In my last couple of posts (here and here), I've been discussing decision rules for situations in which probabilities over the possible states of the world are not available for some reason. Perhaps your evidence is too sparse, and points in no particular direction, or too complex, and points in too many. So subjective probabilities are not available. And perhaps you simply don't know the objective probabilities. In those situations, you can't appeal to standard subjective expected utility theory of the sort described by Ramsey, Savage, Jeffrey, etc., nor to objective expected utility theory of the sort described by von Neumann & Morgenstern. What, then, are you to do? As I've discussed in the previous posts, this was in fact a hot topic in the early days of decision theory. Abraham Wald discussed the Maximin approach, Leonid Hurwicz expanded that to give his Criterion, Franco Modigliani mentioned Maximax approaches, and Leonard Savage discussed Minimax Regret.

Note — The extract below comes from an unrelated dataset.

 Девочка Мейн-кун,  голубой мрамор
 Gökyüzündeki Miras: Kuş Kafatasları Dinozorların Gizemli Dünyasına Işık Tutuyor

Perhaps the culmination of this research programme was John Milnor's elegant 'Games against Nature' in 1951 (revised in 1954), where he provided simple axiomatic characterisations of each of these decision rules. In the first post on this, I pointed out a problem with Hurwicz's approach (independently noted in this draft paper by Johan Gustafsson); in the second, I expanded that approach to avoid the problem.

Perhaps unsurprisingly, my interest in these decision rules stems from the possibility of applying them in accuracy-first epistemology. On that approach in formal epistemology, we determine the rationality of credences by considering the extent to which they promote what we take to be the sole epistemic good for credences, namely, accuracy. And we make this precise by applying decision theory to the question of which credence functions are rational. Thus: first, in place of the array of acts or options that are the usual focus of standard applications of decision theory, we substitute the different possible credence functions you might adopt; second, in place of the utility function that measures the value of acts or options at different possible states of the world, we substitute mathematical functions that measure the accuracy of a possible credence function at a possible state of the world. Applying a decision rule then identifes the rationally permissible credence functions. For instance, in the classic paper by Jim Joyce in 1998, he applies a dominance rule to show that only probabilistic credence functions are rationally permissible.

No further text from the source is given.